**Task statement:** Find the line with "Scottish Terriers (two-BW)" and the line with "Michael Kors Darci" in the entries below; output exactly those two lines, every line between them, and no others.

**Record set:**

---*---

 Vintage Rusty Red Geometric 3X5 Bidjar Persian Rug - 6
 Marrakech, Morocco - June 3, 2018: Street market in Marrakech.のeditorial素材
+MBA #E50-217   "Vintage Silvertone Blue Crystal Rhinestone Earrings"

---*---

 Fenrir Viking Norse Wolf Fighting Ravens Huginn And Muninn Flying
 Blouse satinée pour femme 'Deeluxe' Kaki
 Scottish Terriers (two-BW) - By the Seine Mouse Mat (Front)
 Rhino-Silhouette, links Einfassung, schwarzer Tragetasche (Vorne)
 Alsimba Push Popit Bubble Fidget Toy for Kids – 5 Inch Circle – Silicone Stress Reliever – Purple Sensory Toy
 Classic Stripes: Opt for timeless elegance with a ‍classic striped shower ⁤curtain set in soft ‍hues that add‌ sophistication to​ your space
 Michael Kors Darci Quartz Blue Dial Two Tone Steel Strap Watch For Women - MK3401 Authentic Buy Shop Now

---*---

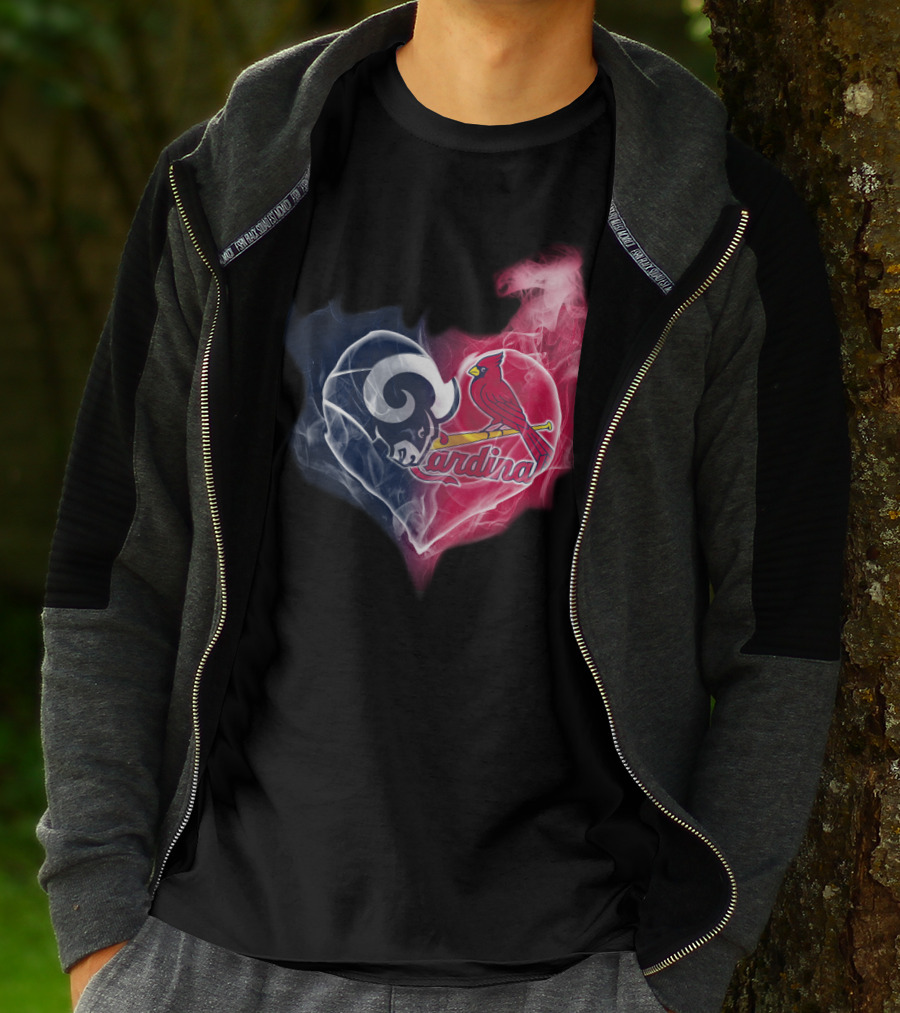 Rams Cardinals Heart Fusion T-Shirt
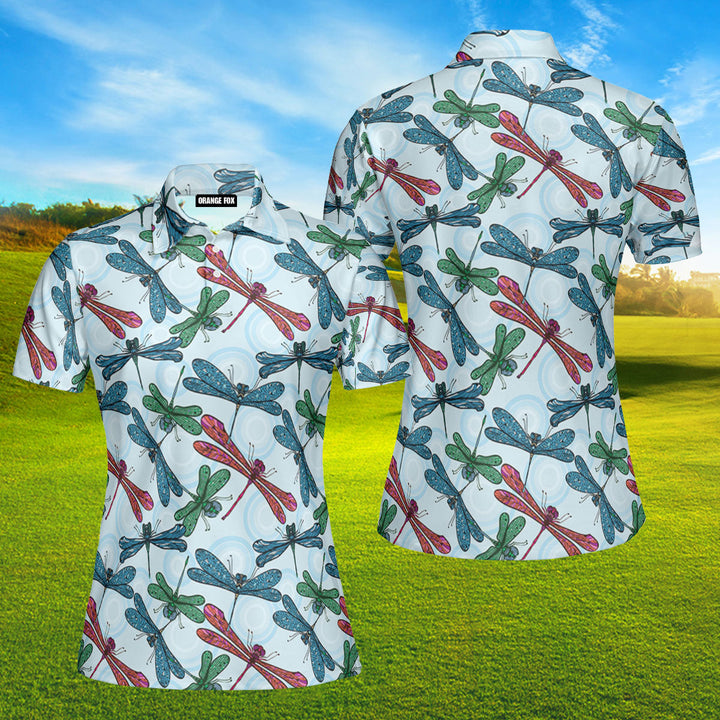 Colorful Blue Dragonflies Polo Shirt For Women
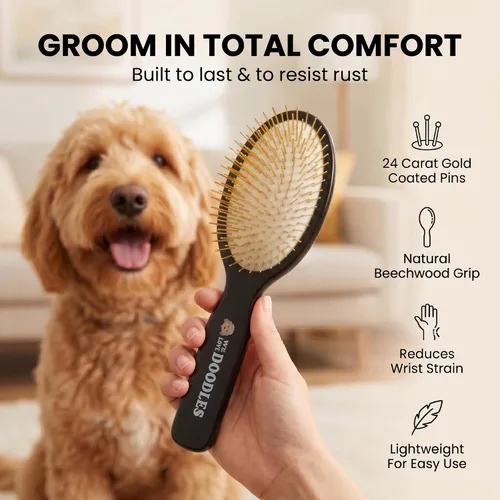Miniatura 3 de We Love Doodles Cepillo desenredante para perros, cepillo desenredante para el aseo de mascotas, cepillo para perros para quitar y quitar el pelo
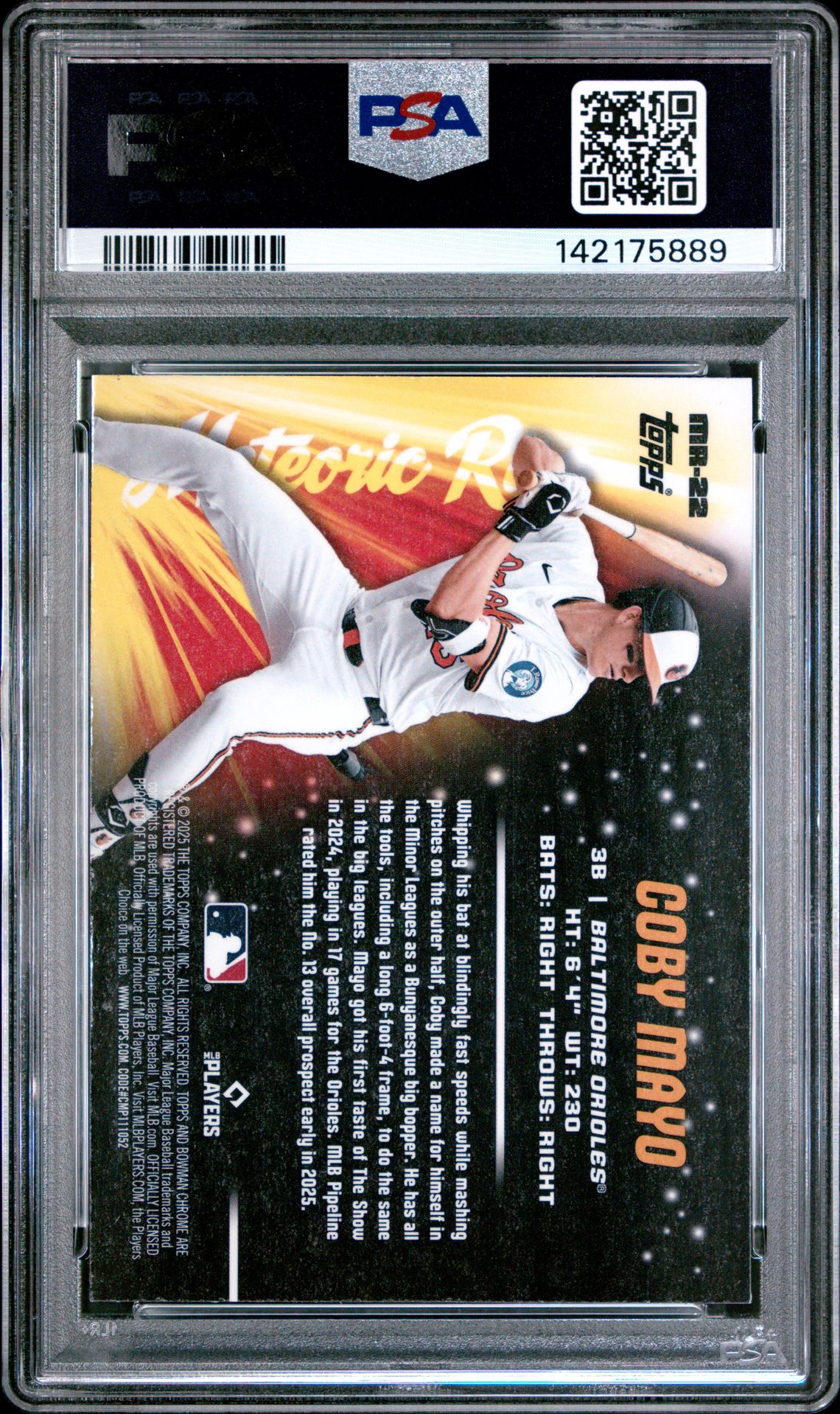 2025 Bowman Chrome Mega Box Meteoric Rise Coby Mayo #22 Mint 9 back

---*---

**Response area:**
 Scottish Terriers (two-BW) - By the Seine Mouse Mat (Front)
 Rhino-Silhouette, links Einfassung, schwarzer Tragetasche (Vorne)
 Alsimba Push Popit Bubble Fidget Toy for Kids – 5 Inch Circle – Silicone Stress Reliever – Purple Sensory Toy
 Classic Stripes: Opt for timeless elegance with a ‍classic striped shower ⁤curtain set in soft ‍hues that add‌ sophistication to​ your space
 Michael Kors Darci Quartz Blue Dial Two Tone Steel Strap Watch For Women - MK3401 Authentic Buy Shop Now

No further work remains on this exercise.